In spruiking the development opportunities highlighted in the plan, our politicians have had a great deal to say about the anticipated growth opportunities expect to arise in the region over the next 20 years although, from the perspective of the BVSRRA, there is a great deal more talk than there is substance.
For her part, Cr McBain has made much of the growth opportunities in the Bega Valley, predicating the basis of her discussions with the Minister for Lands & Forestry on her claim that the state government needs to release crown land to satisfy the alleged looming housing boom.
Of course, as anyone who has listened to our politicians at all levels will understand that these ostentatious pronouncements are primarily intended to convey the impression that they are actually ‘doing things’ to enhance the future of the region, when in actual fact, what the community really wants is for basic services to be addressed to ensure that we & visitors to the area can enjoy quality clean water, that our sewerage is managed in an environmentally effective manner & that we have reasonable roads to access our community.

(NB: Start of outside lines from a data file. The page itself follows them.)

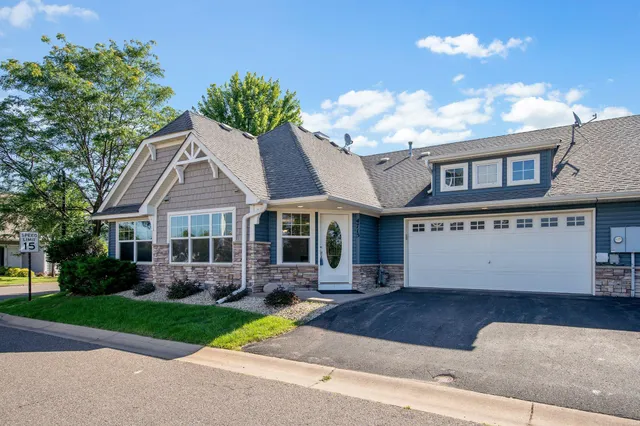 $265,000 | 4715 Wyngate Boulevard, Forest Lake, MN 55025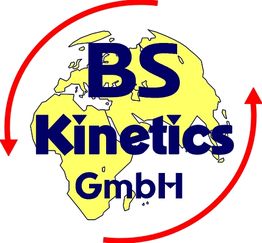 BS Kinetics GmbH Logo: Weltkarte mit rotem Pfeilkreis um gelbe Kontinente.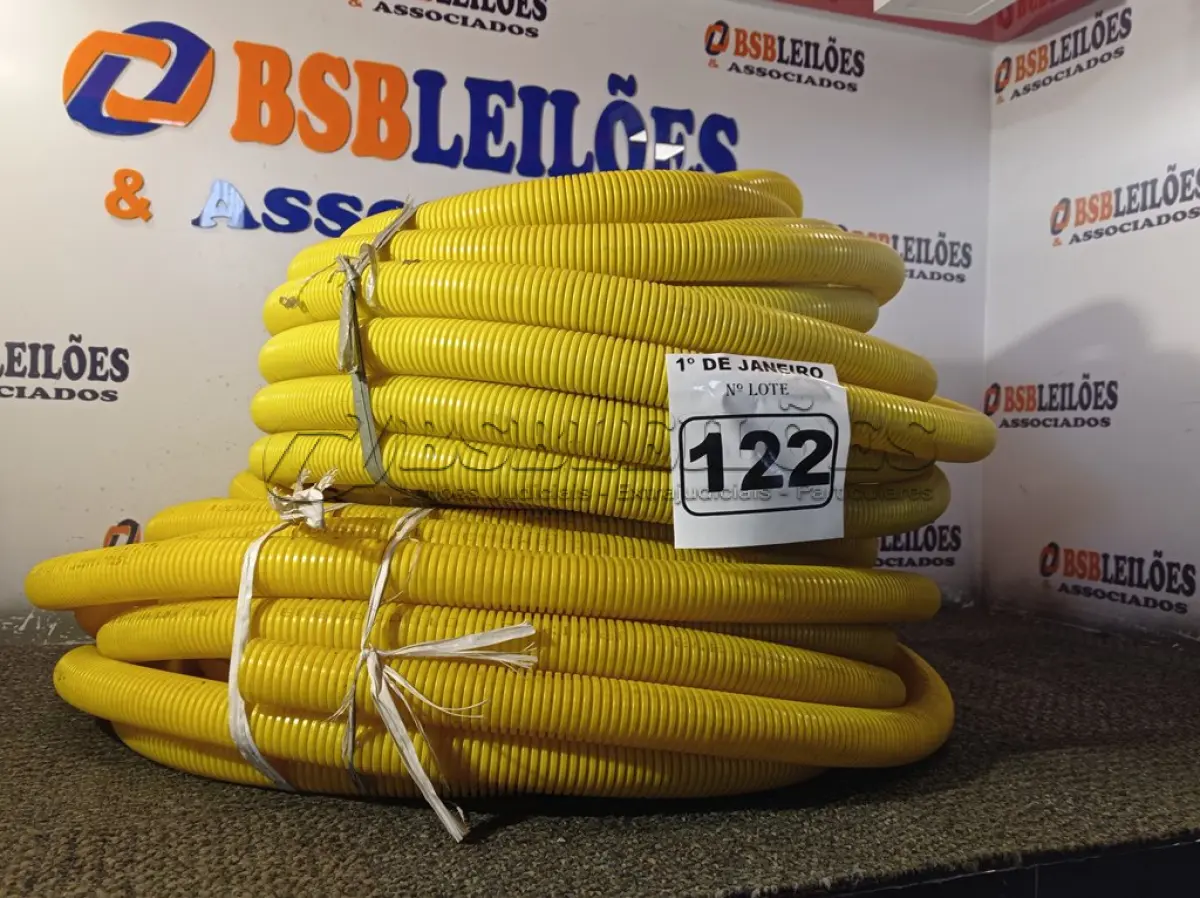 LOTE 122 - 02 ROLOS DE MANGUEIRA CORRUGADA. (NO ESTADO) ATENÇÃO! FAZER A VISITAÇÃO ANTES DE ARREMATAR, NÃO SABEMOS SE FUNCIONA. LEILÃO NÃO TEM GARANTIA E NEM DEVOLUÇÃO, SUJEITO A POSSÍVEIS AVARIAS VISÍVEIS/OCULTAS E/OU AUSÊNCIA DE COMPONENTES.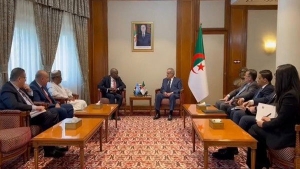 الوزير الأول السيّد نذير العرباوي-المدير العام لمنظمة العمل الدولية، السيّد جيلبرت هونغبو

As a case in point, the NSW Department of Planning report confirms that the permanent population of the valley will grow by a tiny 2,650 people over the next 20 years (an average of 140 people a year or 0.004%).
At the same time, the report makes the absurd claim that this increase in population will give rise to a need for an additional 2,350 dwellings over the same period. This figure simply does not withstand even the most basic scrutiny as it suggests that each new dwelling will be occupied by 1.1 new residents, when even the department’s own numbers acknowledge a resident to dwelling ratio of 2.13, suggesting that the number of new dwellings required will be no more than 1,340 or 67 per annum over the next 20 years.
The association believes that there is more than adequate stock of housing land available to meet foreseeable community needs & that the push to access crown land for new housing is based on unjustified speculation and would only serve the interests of a few developers at the expense of the larger community.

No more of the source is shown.